* _WHAT THE EXERCISE ASKS_: Note on the material below: return exactly the lines from the line that holds "Siatkarze z Bożejowic" through the line that holds "COMPARATIVO FIAT BRAVO", and leave out each picture.

* _RECORDS SHOWN_:

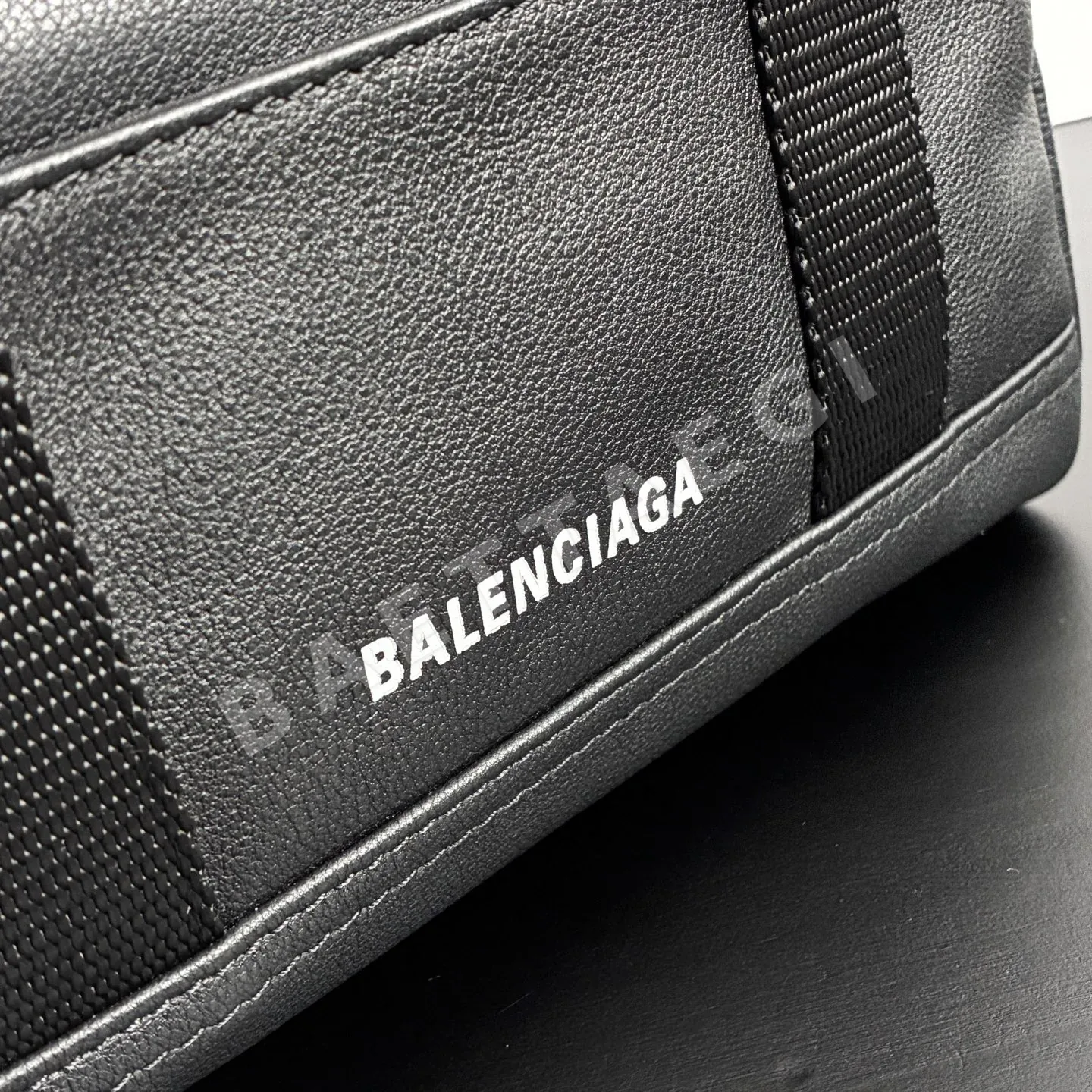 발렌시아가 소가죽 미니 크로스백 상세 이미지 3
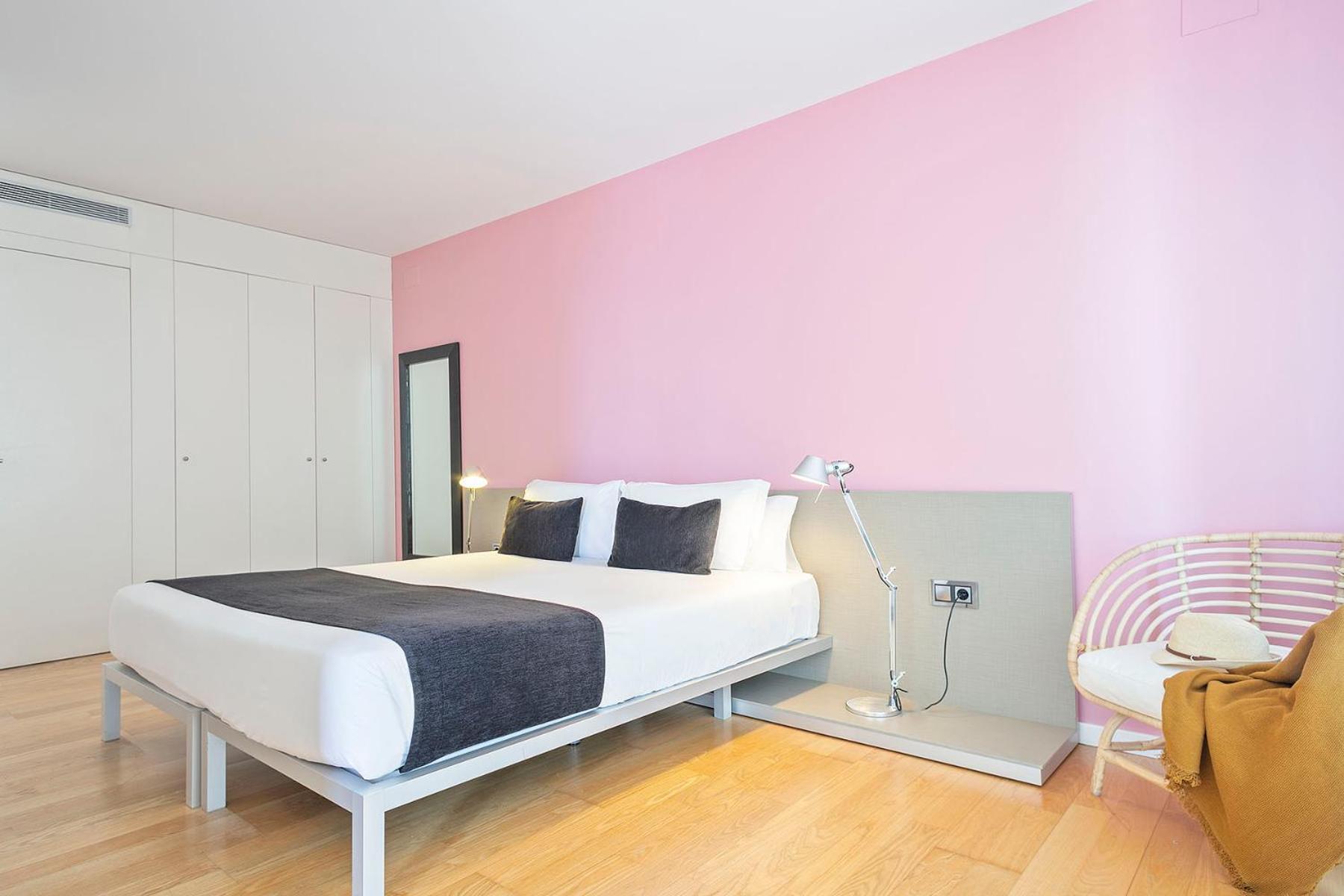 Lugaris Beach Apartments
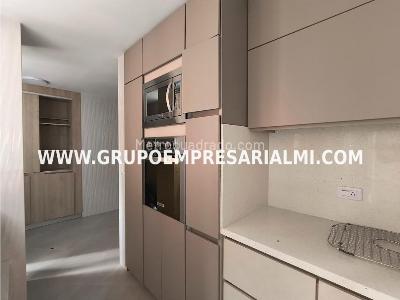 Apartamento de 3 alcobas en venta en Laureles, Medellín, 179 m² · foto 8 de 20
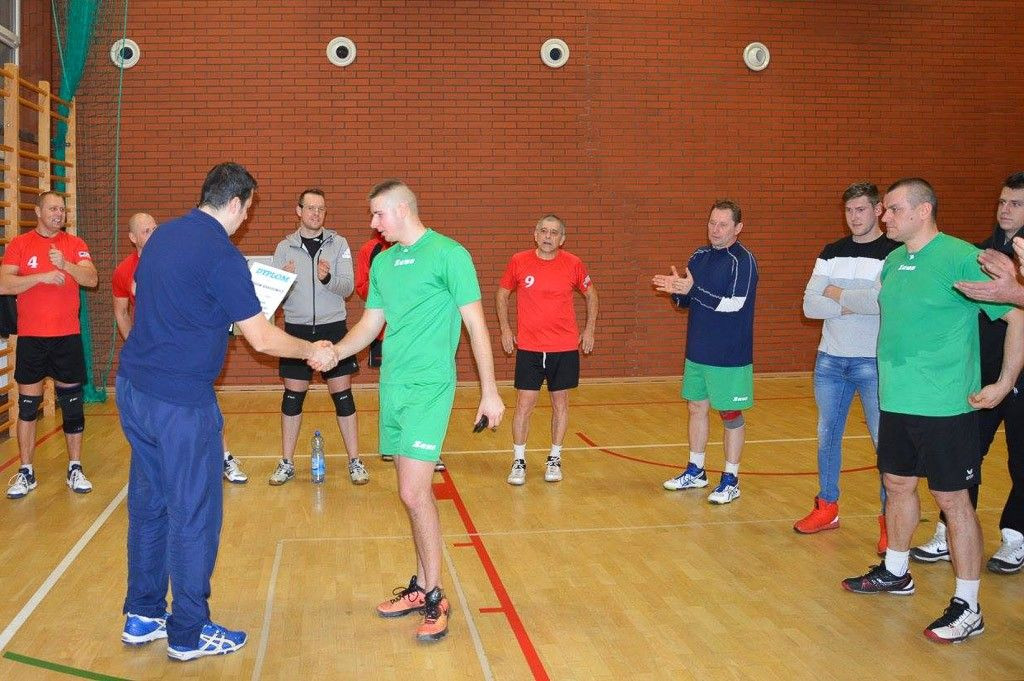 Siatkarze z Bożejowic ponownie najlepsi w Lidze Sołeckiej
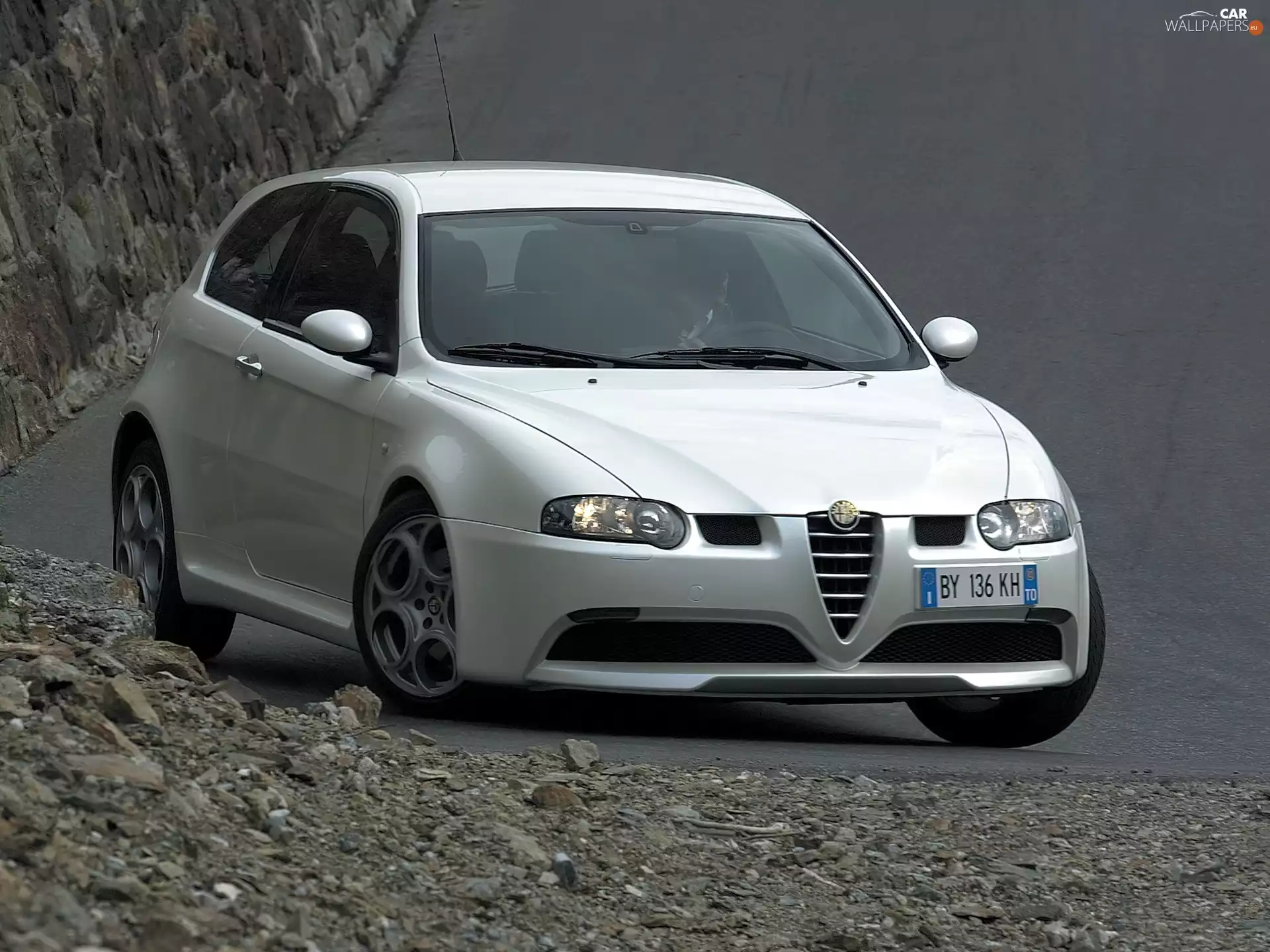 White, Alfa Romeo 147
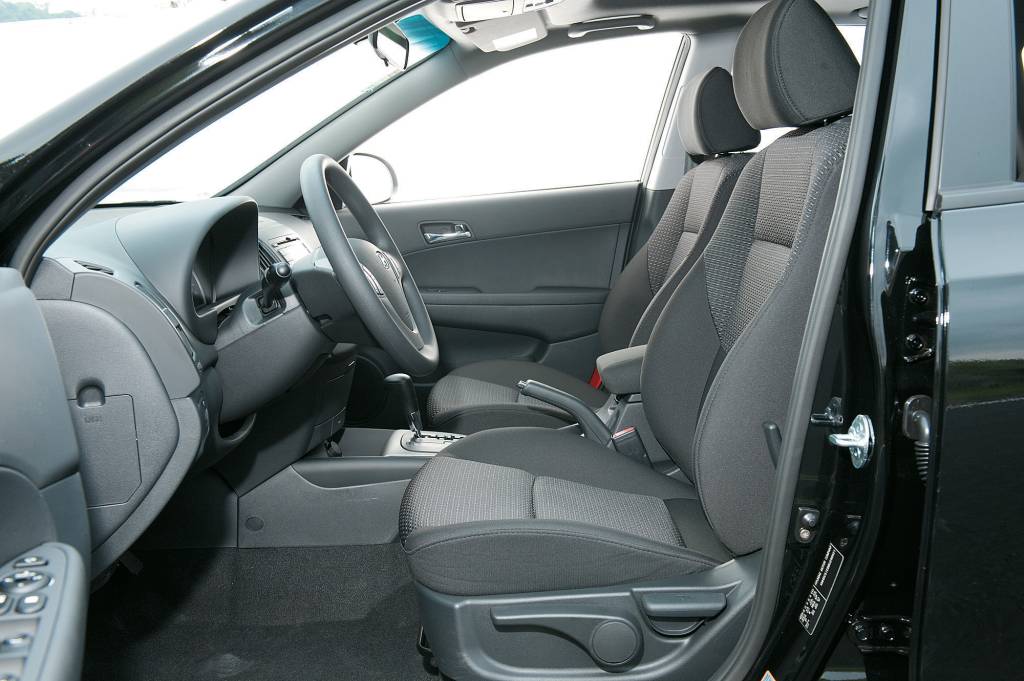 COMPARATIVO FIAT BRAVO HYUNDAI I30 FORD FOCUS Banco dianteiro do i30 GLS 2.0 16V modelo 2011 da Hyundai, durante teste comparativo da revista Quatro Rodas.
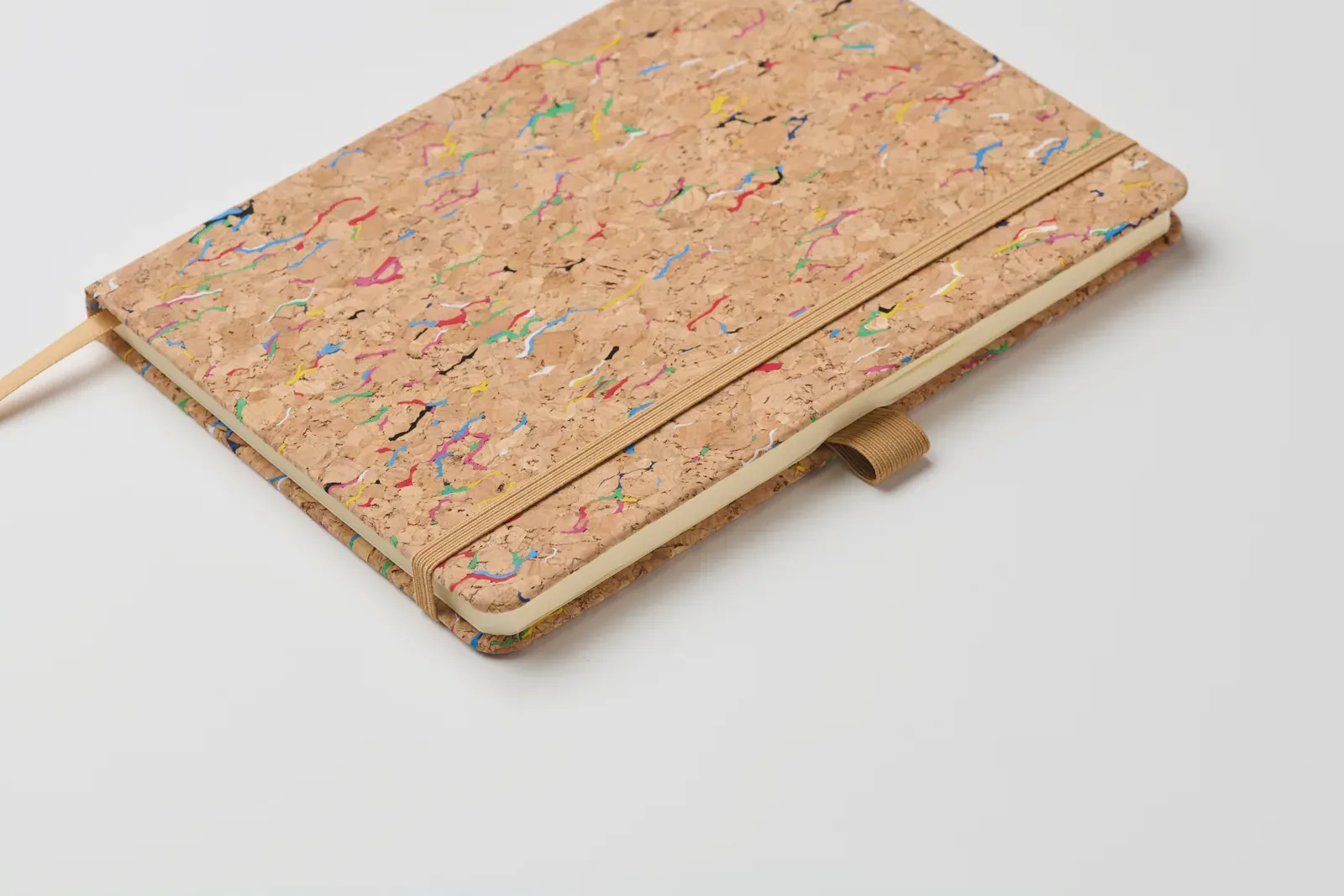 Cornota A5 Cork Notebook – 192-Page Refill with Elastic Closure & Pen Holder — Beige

* _RESPONSE AREA_:
 Siatkarze z Bożejowic ponownie najlepsi w Lidze Sołeckiej
 White, Alfa Romeo 147
 COMPARATIVO FIAT BRAVO HYUNDAI I30 FORD FOCUS Banco dianteiro do i30 GLS 2.0 16V modelo 2011 da Hyundai, durante teste comparativo da revista Quatro Rodas.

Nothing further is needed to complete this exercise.